→ **Exercise requirements**
Within these entries, which lines include the string "India"? Copy each one.

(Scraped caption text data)
###
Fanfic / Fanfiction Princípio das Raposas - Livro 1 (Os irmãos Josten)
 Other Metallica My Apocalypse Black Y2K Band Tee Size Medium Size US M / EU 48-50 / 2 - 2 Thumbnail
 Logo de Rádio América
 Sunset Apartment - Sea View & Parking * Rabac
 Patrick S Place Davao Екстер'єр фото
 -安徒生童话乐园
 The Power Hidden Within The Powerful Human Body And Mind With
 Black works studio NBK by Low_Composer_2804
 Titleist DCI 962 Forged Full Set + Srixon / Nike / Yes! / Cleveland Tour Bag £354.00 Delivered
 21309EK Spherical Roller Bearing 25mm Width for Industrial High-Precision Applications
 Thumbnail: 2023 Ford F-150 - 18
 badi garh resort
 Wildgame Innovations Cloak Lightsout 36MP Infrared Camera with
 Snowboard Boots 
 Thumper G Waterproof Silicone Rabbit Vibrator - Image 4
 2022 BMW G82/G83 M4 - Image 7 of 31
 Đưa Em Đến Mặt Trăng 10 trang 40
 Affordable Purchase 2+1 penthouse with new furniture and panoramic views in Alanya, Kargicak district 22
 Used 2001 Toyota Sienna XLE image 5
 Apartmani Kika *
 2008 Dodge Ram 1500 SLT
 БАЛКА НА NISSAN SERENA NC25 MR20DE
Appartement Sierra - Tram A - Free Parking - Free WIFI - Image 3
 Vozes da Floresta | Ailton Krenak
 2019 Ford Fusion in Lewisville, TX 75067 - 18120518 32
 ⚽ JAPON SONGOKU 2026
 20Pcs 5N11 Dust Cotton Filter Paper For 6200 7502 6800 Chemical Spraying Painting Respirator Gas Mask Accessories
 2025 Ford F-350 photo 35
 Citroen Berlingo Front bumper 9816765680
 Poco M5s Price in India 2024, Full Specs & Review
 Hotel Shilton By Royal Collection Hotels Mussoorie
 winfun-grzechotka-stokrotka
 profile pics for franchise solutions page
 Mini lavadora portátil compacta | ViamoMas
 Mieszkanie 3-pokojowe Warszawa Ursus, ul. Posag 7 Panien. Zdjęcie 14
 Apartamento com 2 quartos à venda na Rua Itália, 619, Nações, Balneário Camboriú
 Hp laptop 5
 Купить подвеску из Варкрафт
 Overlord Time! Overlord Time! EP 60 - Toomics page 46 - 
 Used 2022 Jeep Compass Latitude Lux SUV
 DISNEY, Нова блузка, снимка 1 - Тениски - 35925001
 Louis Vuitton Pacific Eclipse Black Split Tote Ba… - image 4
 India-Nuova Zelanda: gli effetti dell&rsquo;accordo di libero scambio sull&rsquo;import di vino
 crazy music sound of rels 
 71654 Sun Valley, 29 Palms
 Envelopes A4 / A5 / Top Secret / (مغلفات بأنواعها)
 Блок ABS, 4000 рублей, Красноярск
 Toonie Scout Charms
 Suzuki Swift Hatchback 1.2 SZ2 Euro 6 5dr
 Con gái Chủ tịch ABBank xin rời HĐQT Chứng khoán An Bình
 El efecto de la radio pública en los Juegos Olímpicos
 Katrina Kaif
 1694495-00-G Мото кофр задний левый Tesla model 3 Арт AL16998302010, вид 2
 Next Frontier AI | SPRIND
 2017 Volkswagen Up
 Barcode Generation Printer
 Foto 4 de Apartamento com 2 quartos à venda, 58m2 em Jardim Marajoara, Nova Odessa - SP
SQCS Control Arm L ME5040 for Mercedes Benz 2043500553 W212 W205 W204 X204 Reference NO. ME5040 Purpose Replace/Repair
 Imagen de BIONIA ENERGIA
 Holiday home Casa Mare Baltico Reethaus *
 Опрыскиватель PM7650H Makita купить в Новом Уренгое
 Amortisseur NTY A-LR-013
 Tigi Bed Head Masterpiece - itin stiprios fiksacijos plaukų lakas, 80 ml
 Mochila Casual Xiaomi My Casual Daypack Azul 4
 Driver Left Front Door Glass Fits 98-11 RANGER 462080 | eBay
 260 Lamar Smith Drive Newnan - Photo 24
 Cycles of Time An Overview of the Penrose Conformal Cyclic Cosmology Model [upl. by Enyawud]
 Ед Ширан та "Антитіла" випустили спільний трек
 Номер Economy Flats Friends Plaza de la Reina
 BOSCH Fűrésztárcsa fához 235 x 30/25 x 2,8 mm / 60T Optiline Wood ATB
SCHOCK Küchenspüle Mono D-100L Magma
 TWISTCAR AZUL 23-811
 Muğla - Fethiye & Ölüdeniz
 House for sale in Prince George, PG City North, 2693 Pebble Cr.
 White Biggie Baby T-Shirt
###
→ **Answer to this problem**
 Poco M5s Price in India 2024, Full Specs & Review
 India-Nuova Zelanda: gli effetti dell&rsquo;accordo di libero scambio sull&rsquo;import di vino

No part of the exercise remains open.